J'ai découvert l'oeuvre d'Orhan Pamuk par "La femme aux cheveux roux", livre rencontré par hasard chez un bouquiniste de seconde main. Cette entrée en matière m'a beaucoup plu : la fable oedipienne d'un petit puisatier et de son Maitre, immergés dans la province Turque. Petit livre (300 pages environ), j'ai décidé d'en lire d'avantage.
Mon choix s'est arrêté sur "Cette chose étrange en moi", publié en 2014. C'est le deuxième livre publié après son prix Nobel.

Dans ce livre, la nourriture est omniprésente. J'ai trouvé 3 niveaux de lectures pour illustrer en quoi le livre est rattaché au thème, sans pour autant vous résumer l'histoire.

1. Tout d'abord, la nourriture est le fil rouge du récit.

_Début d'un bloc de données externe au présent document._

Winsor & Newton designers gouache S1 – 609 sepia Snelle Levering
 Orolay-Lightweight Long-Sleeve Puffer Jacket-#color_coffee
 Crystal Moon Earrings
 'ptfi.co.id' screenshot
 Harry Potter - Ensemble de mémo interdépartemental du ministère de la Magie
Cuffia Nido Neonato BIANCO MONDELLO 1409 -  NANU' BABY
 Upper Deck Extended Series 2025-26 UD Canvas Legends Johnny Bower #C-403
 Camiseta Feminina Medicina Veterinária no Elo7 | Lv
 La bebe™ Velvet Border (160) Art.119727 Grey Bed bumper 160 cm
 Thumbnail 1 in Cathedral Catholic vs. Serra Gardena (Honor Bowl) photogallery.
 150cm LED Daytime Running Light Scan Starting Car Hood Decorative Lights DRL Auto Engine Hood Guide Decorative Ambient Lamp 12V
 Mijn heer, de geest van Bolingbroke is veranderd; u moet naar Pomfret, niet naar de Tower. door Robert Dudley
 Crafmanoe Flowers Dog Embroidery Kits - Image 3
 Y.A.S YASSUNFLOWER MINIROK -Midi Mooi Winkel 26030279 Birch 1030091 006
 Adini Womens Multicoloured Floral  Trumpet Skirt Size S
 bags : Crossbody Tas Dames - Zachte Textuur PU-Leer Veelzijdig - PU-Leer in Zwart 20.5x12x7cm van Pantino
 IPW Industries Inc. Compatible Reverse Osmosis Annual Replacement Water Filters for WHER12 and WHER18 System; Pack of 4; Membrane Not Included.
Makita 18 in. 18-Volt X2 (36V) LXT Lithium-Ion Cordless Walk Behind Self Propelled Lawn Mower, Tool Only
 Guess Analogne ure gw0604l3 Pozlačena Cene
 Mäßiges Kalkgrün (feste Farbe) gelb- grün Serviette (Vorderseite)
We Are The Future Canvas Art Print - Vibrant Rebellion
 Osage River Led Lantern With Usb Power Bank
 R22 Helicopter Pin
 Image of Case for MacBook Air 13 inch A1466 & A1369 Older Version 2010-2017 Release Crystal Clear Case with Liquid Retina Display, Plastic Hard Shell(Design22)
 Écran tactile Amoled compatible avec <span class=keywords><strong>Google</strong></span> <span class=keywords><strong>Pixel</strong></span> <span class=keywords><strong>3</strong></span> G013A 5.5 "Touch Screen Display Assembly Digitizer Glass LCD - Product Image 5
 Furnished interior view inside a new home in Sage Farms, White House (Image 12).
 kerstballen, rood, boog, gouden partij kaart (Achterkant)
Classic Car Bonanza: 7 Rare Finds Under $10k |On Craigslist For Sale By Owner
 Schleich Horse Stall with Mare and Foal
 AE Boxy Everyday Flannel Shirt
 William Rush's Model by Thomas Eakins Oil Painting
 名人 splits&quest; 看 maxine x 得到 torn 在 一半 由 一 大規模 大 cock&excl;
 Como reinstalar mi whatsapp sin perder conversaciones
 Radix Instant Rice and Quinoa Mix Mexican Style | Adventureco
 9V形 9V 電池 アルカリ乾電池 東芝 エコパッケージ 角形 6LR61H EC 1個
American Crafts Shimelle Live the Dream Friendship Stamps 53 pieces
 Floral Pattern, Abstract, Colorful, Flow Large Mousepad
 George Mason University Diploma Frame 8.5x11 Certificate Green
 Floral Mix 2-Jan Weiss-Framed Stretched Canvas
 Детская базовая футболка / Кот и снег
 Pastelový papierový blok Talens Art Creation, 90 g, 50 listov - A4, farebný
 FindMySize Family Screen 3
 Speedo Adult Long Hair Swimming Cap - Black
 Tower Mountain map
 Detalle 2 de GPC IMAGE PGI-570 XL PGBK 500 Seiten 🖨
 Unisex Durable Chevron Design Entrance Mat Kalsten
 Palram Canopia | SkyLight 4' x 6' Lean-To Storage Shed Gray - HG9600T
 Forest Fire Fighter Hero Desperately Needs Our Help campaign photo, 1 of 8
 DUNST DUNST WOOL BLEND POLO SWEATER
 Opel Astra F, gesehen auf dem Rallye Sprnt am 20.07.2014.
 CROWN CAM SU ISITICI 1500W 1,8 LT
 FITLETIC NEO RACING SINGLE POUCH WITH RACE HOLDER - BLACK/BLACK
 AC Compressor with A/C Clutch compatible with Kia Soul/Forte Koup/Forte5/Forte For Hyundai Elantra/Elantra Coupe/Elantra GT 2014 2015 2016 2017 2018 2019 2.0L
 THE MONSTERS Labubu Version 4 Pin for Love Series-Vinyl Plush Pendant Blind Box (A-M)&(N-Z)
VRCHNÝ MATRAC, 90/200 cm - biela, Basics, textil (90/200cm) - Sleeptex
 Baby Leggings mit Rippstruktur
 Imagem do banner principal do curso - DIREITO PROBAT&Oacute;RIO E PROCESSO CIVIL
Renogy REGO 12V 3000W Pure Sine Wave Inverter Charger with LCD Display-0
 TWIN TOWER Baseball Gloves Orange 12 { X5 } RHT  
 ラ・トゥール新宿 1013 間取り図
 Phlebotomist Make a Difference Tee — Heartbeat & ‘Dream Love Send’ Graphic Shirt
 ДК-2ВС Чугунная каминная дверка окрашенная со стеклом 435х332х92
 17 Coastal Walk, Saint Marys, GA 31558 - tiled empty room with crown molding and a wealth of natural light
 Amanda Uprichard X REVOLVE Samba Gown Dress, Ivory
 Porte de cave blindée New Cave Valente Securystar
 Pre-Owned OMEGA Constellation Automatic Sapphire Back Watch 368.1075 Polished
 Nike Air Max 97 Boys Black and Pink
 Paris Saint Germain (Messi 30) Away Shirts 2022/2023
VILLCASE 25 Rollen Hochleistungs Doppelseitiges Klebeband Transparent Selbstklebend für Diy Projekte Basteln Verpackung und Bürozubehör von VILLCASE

Mevlut est un vendeur de boza. La boza, c'est une boisson de céréales (quinoa, blé, maïs...) fermenté et servi avec des pois-chiches grillés en amuse-bouche. La boza contient un peu d'alcool dû à la fermentation : c'est en partie ce qui la rend apprécié de l'Empire Ottoman, qui à l'époque vivait sous la prohibition d'alcool.
Dans les années 1960, la boza se vendait par des marchands itinérants, une grande perche sur le haut du dos et deux gros paniers de part et d'autre : l'un contenant la boza, l'autre les pois-chiches. A la nuit tombée, les vendeurs de boza déambulaient dans les rues, criaient "bozaaaaaa" et se faisaient invités chez les stambouliotes de toutes classes. le marchand de boza n'était à l'époque pas une attraction : c'était un conteur d'histoire, un symbole d'authenticité et de traditions ottomanes.
Mevlut, comme son père, vend de la boza. Il perpétue la tradition est il est heureux.

2. Ensuite, la nourriture est l'argument social et historique de la Turquie moderne.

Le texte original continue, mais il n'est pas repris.